Banks Say Inclusiveness Is Costly
Wednesday, March 16, 2011
The Reserve Bank of India may want all banks to focus on financial inclusion-service the poor at the bottom of the pyramid-but is it a viable business?
“It’s not really profitable to have people in financial inclusion,” admitted Neeraj Swaroop, regional chief executive India and South Asia, Standard Chartered Bank.
“A lot of the accounts are dormant and not activated because there’s no credit as those people are really poor,” he added. “You can’t have financial inclusion go ahead without economic inclusion and if those people don’t have access to roads, electricity, [a steady stream of income].”
Mr.

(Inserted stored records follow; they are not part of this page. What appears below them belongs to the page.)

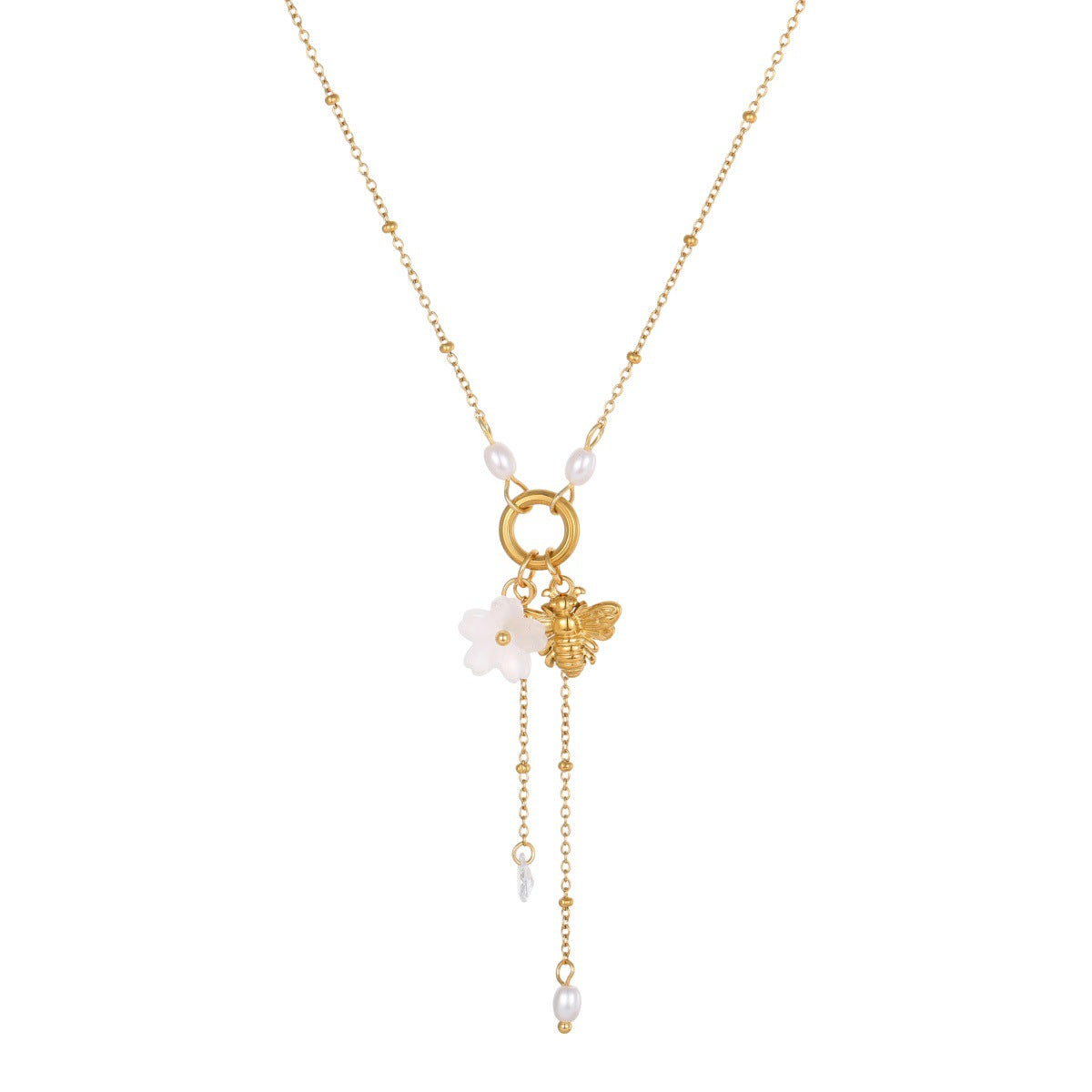 Wholesale Stainless Steel Bee,  Flower,  and Pearl Tassel Clavicle Necklace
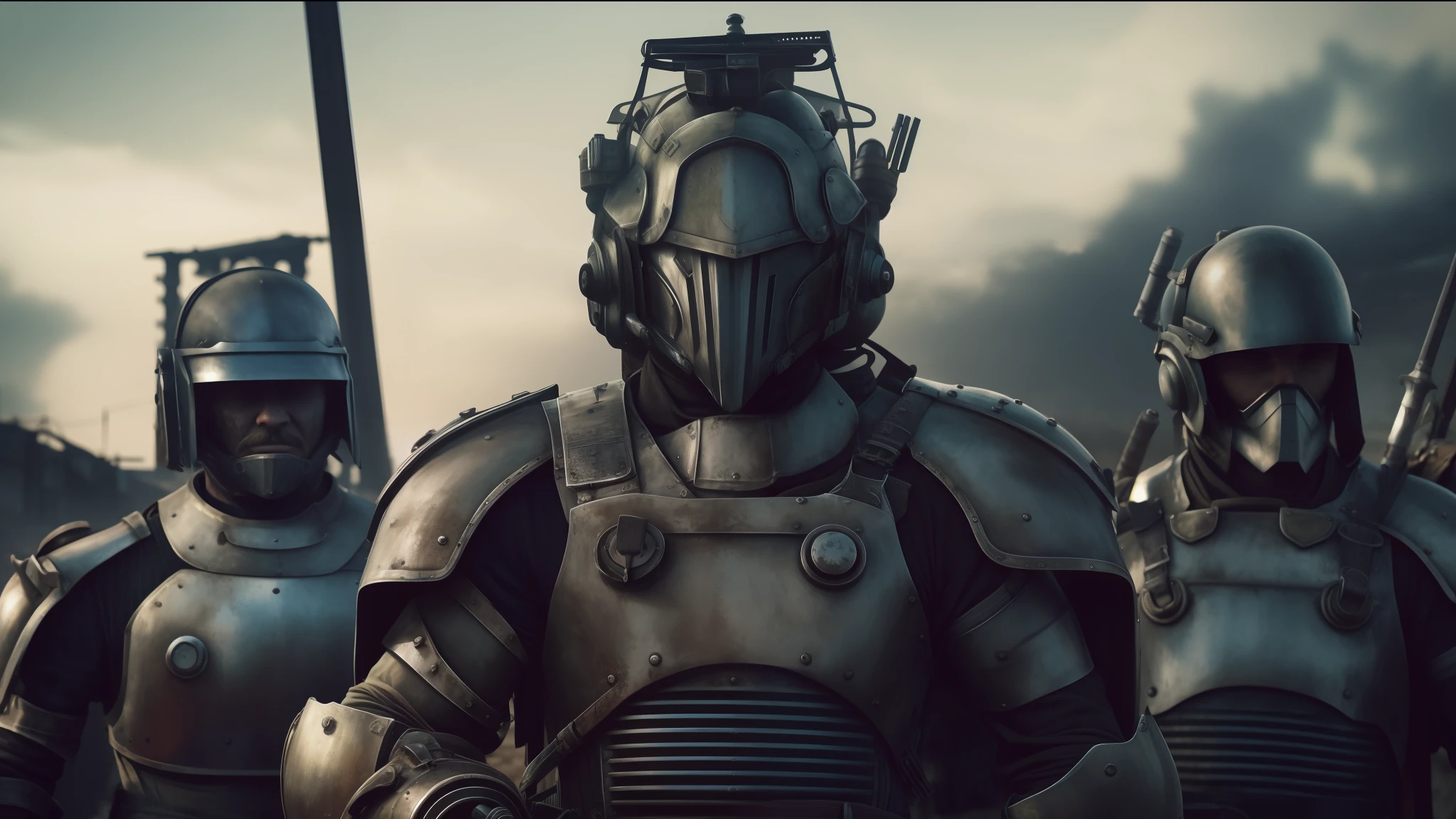 there are three men in armor standing together with swords, futuristic dieselpunk street, youtube thumbnail, wastelands, shot on anamorphic lenses, realistic restored face, red heavy armor, by David B. Mattingly, machinarium, streaming on twitch, kit bash, guards, rural wastelands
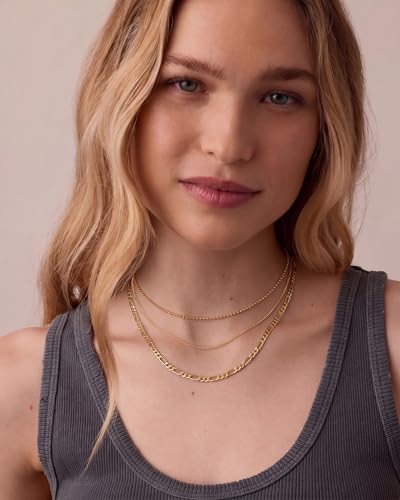 Image of Tewiky Layered Necklaces for Women 14k Gold Plated Chain Necklace Set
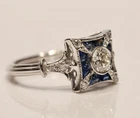 Vintage Art Deco Wedding Fine Ring 925 Silver 1.02Ct Old European Cut CZ Stone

Swaroop uttered a rarely spoken truth as he spoke on a panel at Mint’s Annual Banking Conclave in Mumbai Tuesday. (The WSJ has a content sharing partnership with Mint and the two announced at the conclave a new collaboration on mergers and acquisitions coverage called Deals India)??
Making a clever pitch to K.C. Chakrabarty, deputy governor RBI, to ease up regulation to allow foreign banks into India, Stuart Fraser, chairman of policy for the City of London, said while it wasn’t profitable to bank the poor, it can be “an obligation that banks coming into India will have to take on if they want to enjoy the benefits of long term growth.”
O.P. Bhatt, chairman of the State Bank of India, the country’s largest bank, agreed that financial inclusion wasn’t profitable. But he said that as the volume of transactions at a particular outlet increased, losses would reduce.
“The question is how quickly can you enroll more people,” he said. “This could be an investment for the future especially if rural India is [expected to grow] faster than urban India. You may not see profits for the first three to four years, and you lose or invest rupees 10-50 crore [100 million to 500 million rupees, about two million to 10 million dollars] whatever your balance sheet can bear, whatever your board approves, and profits will come in the future.”